- [WHAT TO WORK ON]:
Take the entries below and print only the lines from the one with "Anne Klein Women’s" through the one with "Lugano, Switzerland –", exactly as they stand, both ends included.
[[ SUPPLIED ENTRIES open ]]
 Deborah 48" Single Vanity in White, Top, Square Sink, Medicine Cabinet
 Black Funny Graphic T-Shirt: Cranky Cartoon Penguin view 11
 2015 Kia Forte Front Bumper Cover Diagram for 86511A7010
[[ SUPPLIED ENTRIES closed ]]
[[ SUPPLIED ENTRIES open ]]
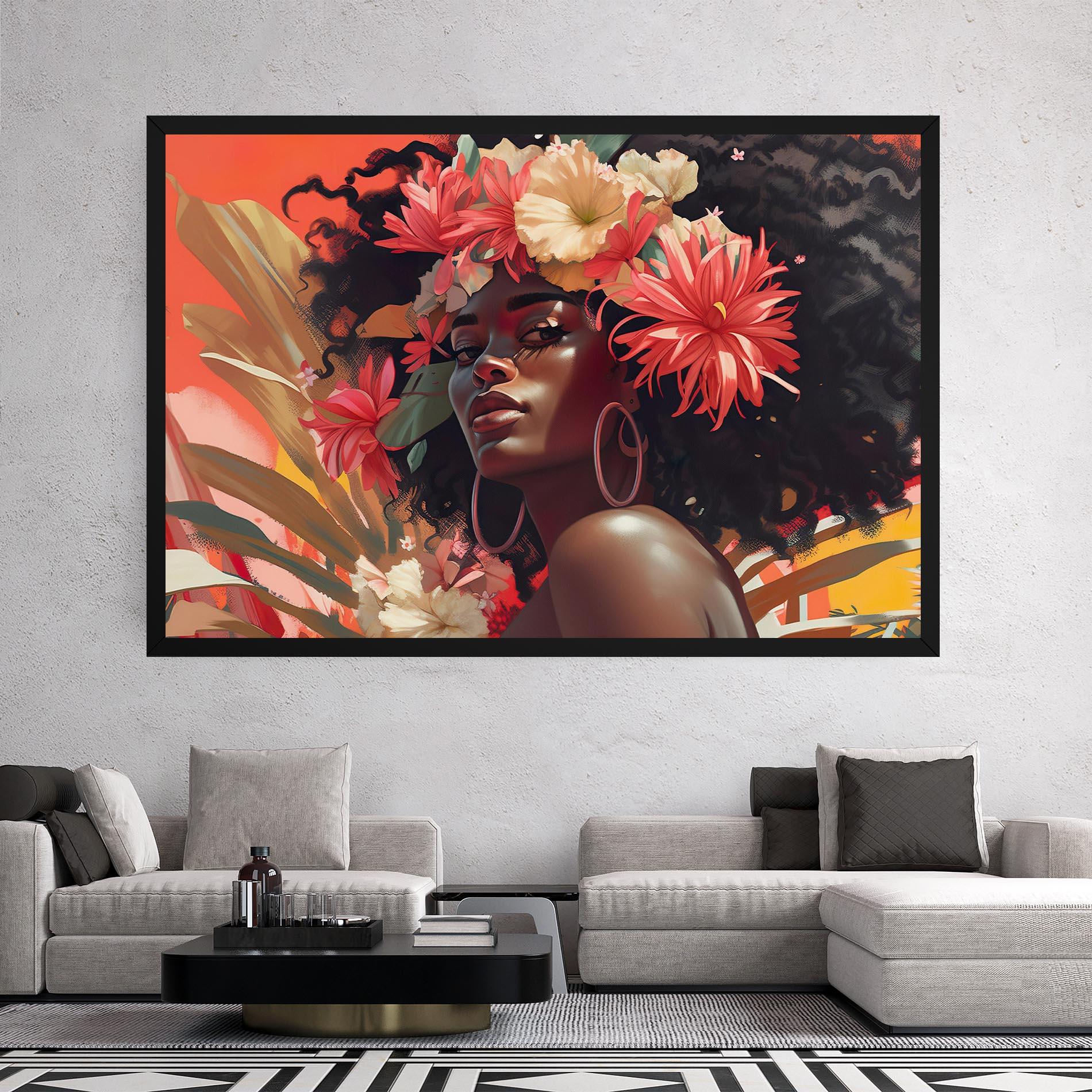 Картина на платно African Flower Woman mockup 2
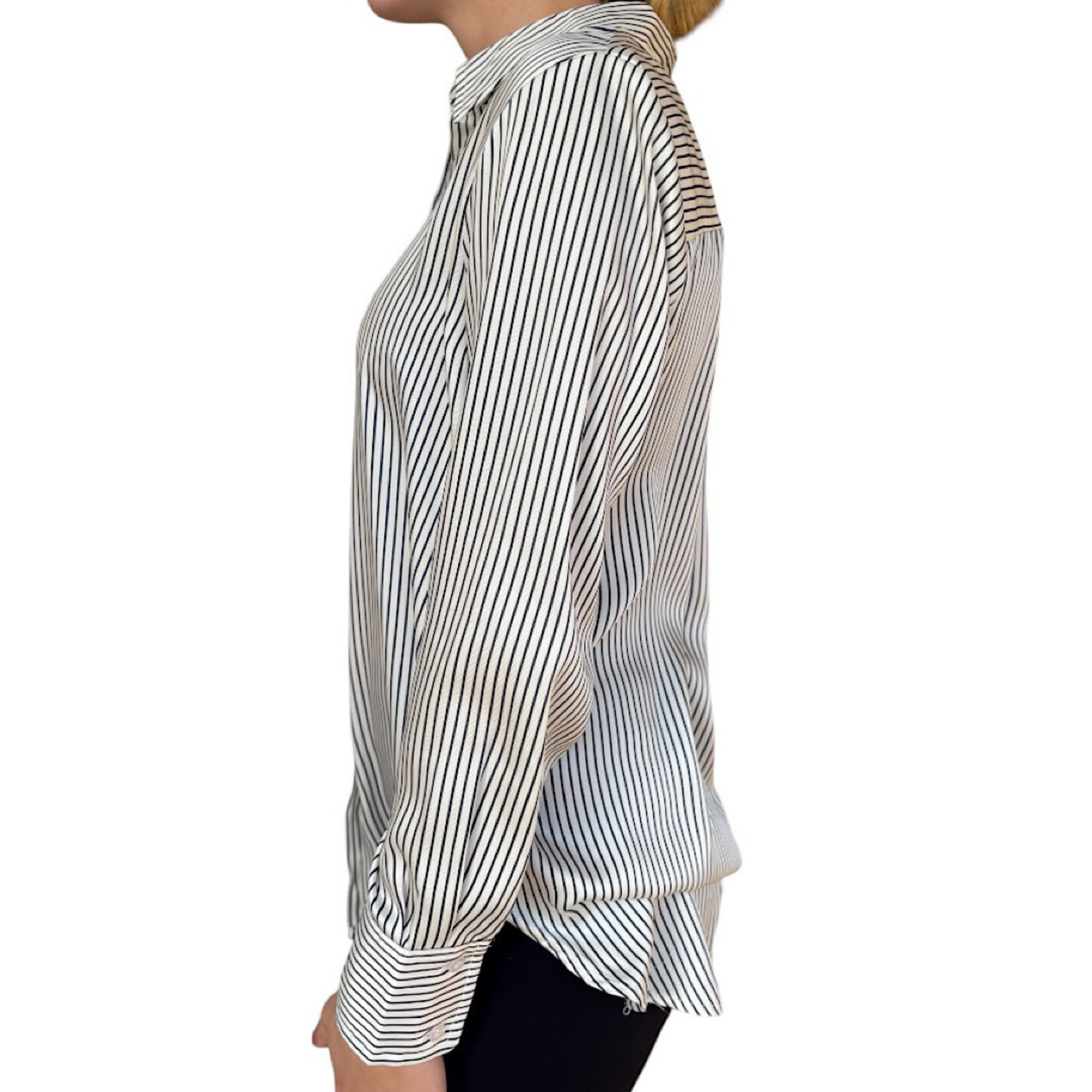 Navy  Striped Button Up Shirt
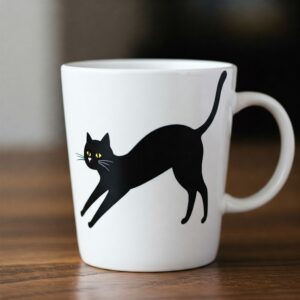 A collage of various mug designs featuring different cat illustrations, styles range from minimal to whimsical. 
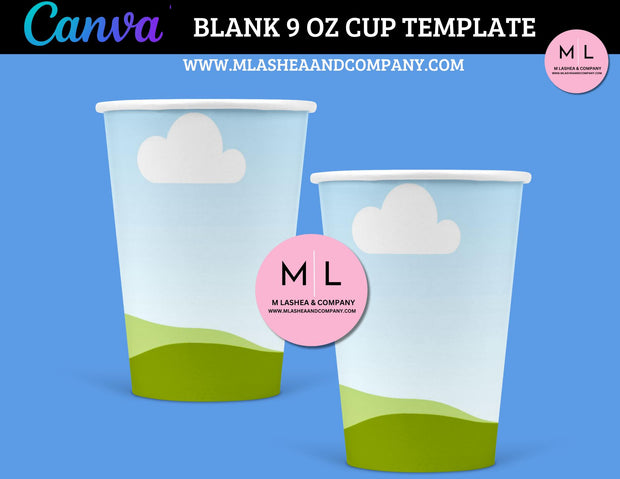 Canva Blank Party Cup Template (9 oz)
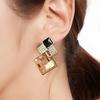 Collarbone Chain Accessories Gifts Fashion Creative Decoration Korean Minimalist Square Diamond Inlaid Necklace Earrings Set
[[ SUPPLIED ENTRIES closed ]]
[[ SUPPLIED ENTRIES open ]]
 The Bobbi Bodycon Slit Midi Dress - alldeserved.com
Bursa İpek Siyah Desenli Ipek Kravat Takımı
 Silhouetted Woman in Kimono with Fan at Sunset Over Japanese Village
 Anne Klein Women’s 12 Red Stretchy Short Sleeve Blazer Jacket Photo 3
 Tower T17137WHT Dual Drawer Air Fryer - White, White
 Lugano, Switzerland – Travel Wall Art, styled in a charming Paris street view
[[ SUPPLIED ENTRIES closed ]]
- [ANSWER TO THIS TASK]:
 Anne Klein Women’s 12 Red Stretchy Short Sleeve Blazer Jacket Photo 3
 Tower T17137WHT Dual Drawer Air Fryer - White, White
 Lugano, Switzerland – Travel Wall Art, styled in a charming Paris street view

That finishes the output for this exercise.